• **PROBLEM REQUIREMENTS**
Please begin with the line containing "2015-kenworth-w900-image-2" and reproduce each line exactly until the records below end, without any pictures.

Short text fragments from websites

----

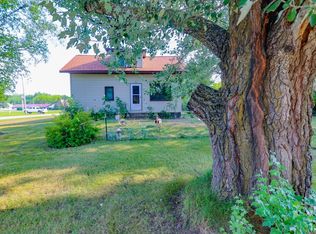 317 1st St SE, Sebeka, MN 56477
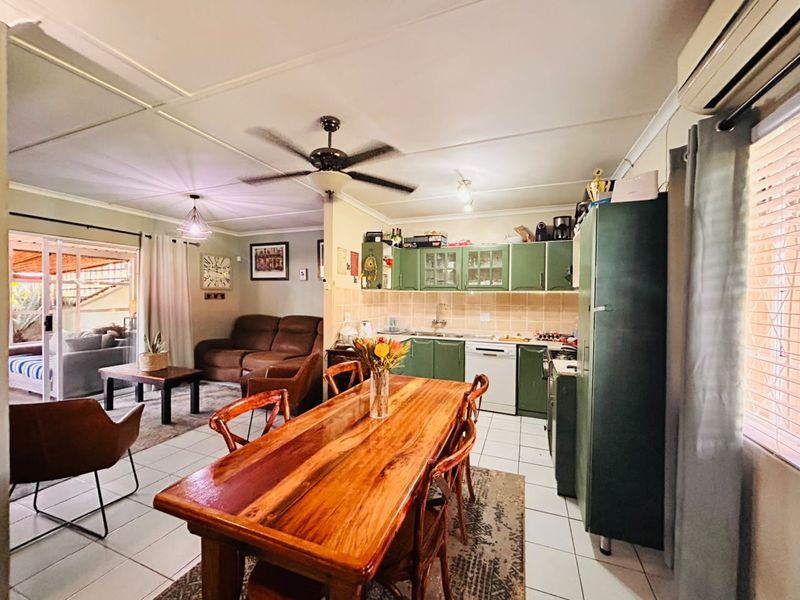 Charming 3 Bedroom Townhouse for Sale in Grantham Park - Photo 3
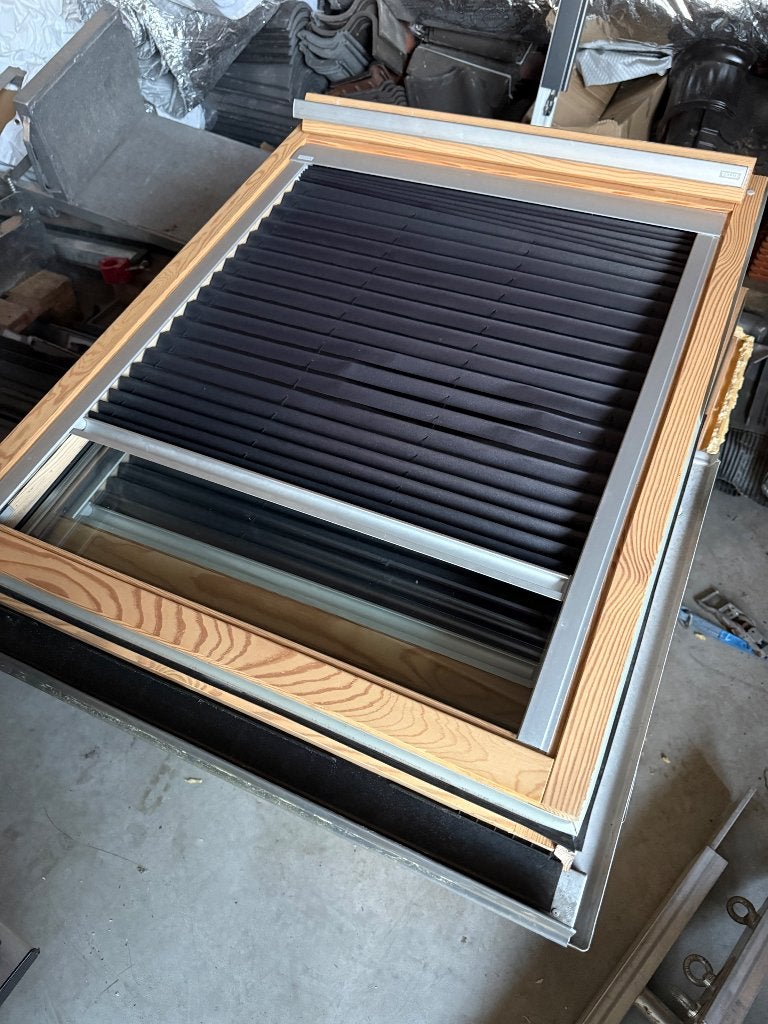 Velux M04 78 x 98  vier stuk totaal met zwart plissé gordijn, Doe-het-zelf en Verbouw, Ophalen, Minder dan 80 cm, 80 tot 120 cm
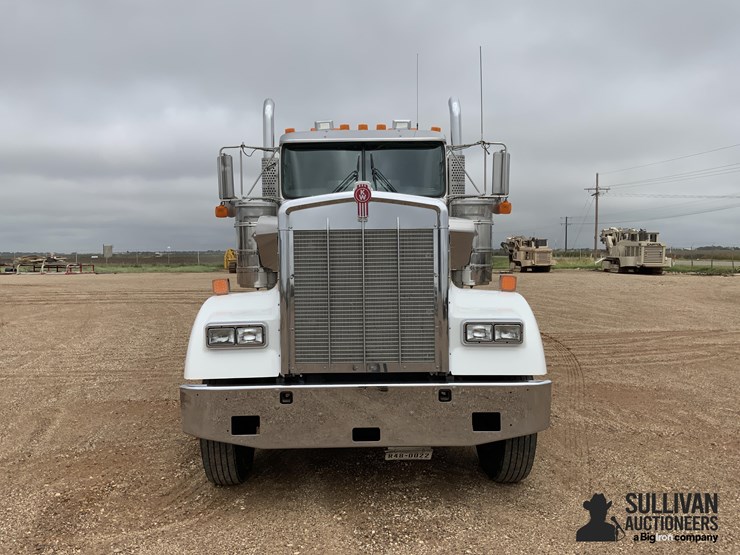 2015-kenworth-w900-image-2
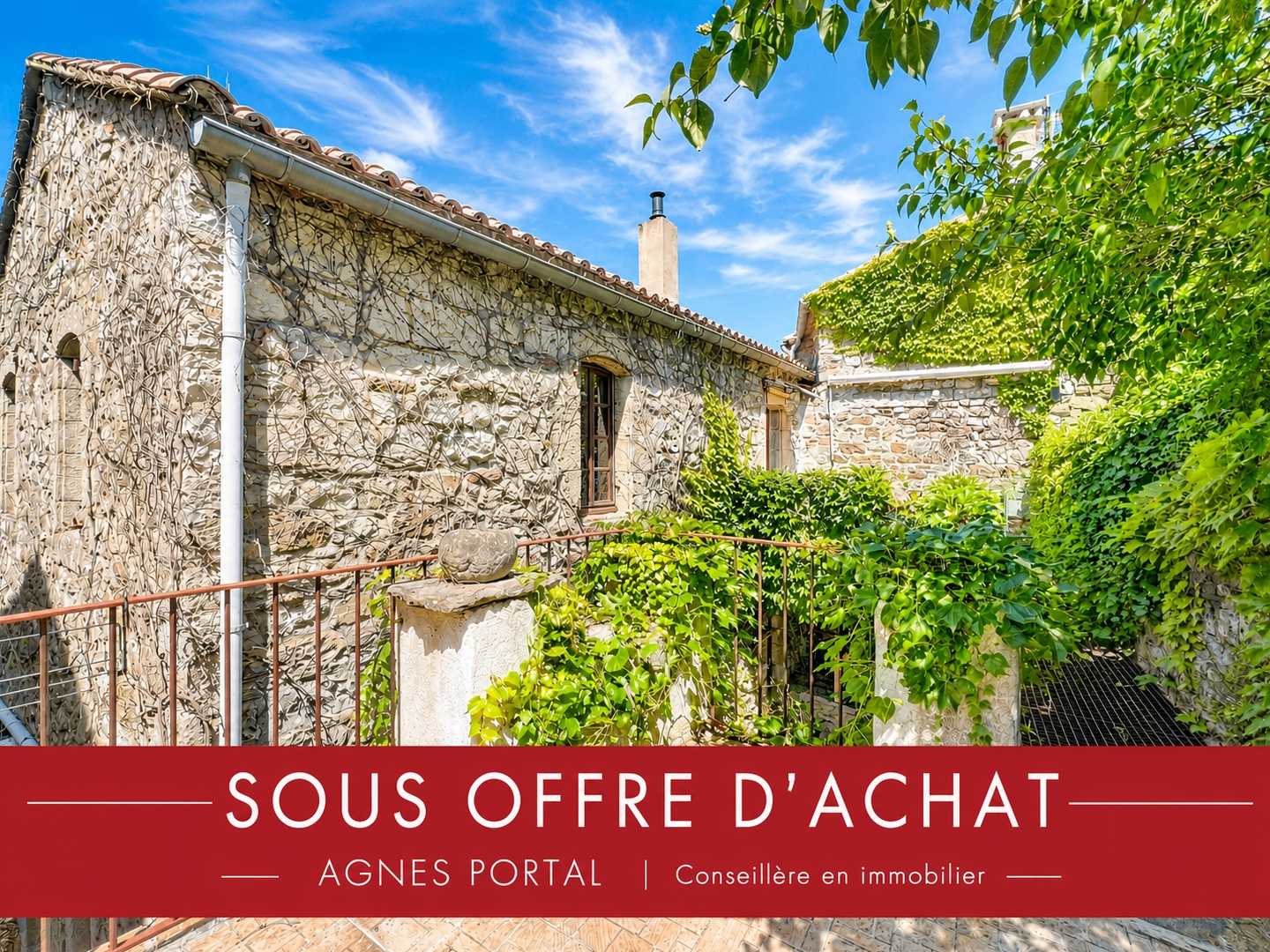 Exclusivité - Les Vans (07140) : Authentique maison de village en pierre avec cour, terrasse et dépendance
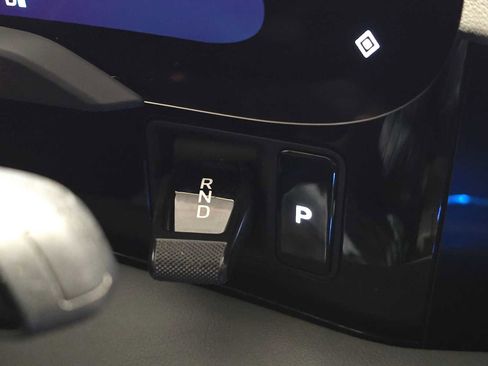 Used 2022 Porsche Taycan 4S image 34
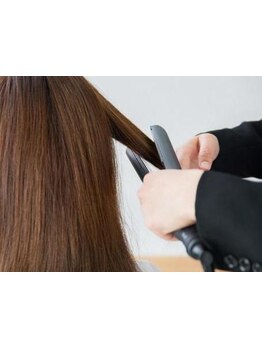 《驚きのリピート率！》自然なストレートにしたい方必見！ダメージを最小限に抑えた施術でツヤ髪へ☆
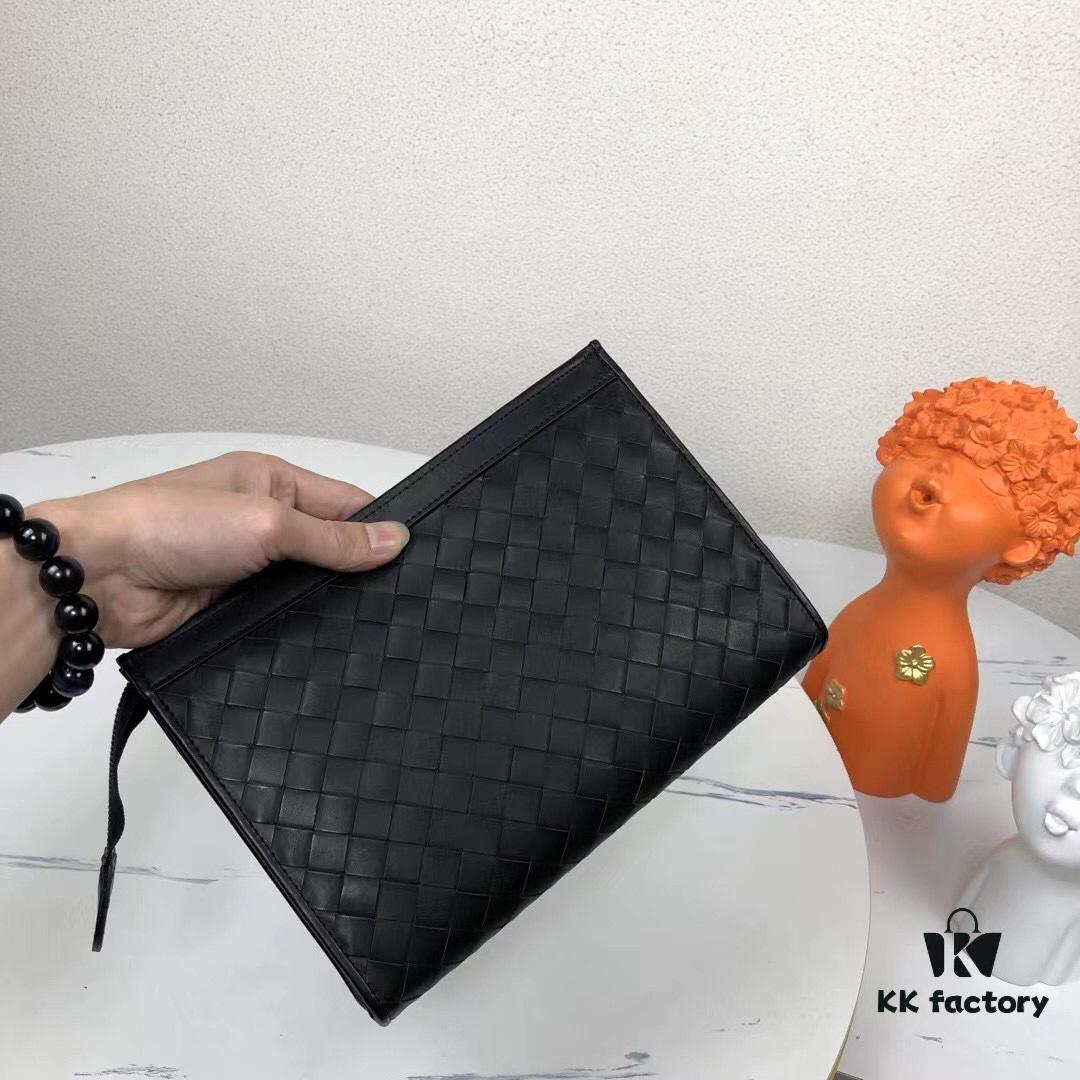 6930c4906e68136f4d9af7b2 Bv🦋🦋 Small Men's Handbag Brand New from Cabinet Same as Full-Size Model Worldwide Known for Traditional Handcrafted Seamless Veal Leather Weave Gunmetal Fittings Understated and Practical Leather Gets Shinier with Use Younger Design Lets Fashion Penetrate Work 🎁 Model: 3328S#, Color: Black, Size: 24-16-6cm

----

• **ANSWER SPACE**
 2015-kenworth-w900-image-2
 Exclusivité - Les Vans (07140) : Authentique maison de village en pierre avec cour, terrasse et dépendance
 Used 2022 Porsche Taycan 4S image 34
 《驚きのリピート率！》自然なストレートにしたい方必見！ダメージを最小限に抑えた施術でツヤ髪へ☆
 6930c4906e68136f4d9af7b2 Bv🦋🦋 Small Men's Handbag Brand New from Cabinet Same as Full-Size Model Worldwide Known for Traditional Handcrafted Seamless Veal Leather Weave Gunmetal Fittings Understated and Practical Leather Gets Shinier with Use Younger Design Lets Fashion Penetrate Work 🎁 Model: 3328S#, Color: Black, Size: 24-16-6cm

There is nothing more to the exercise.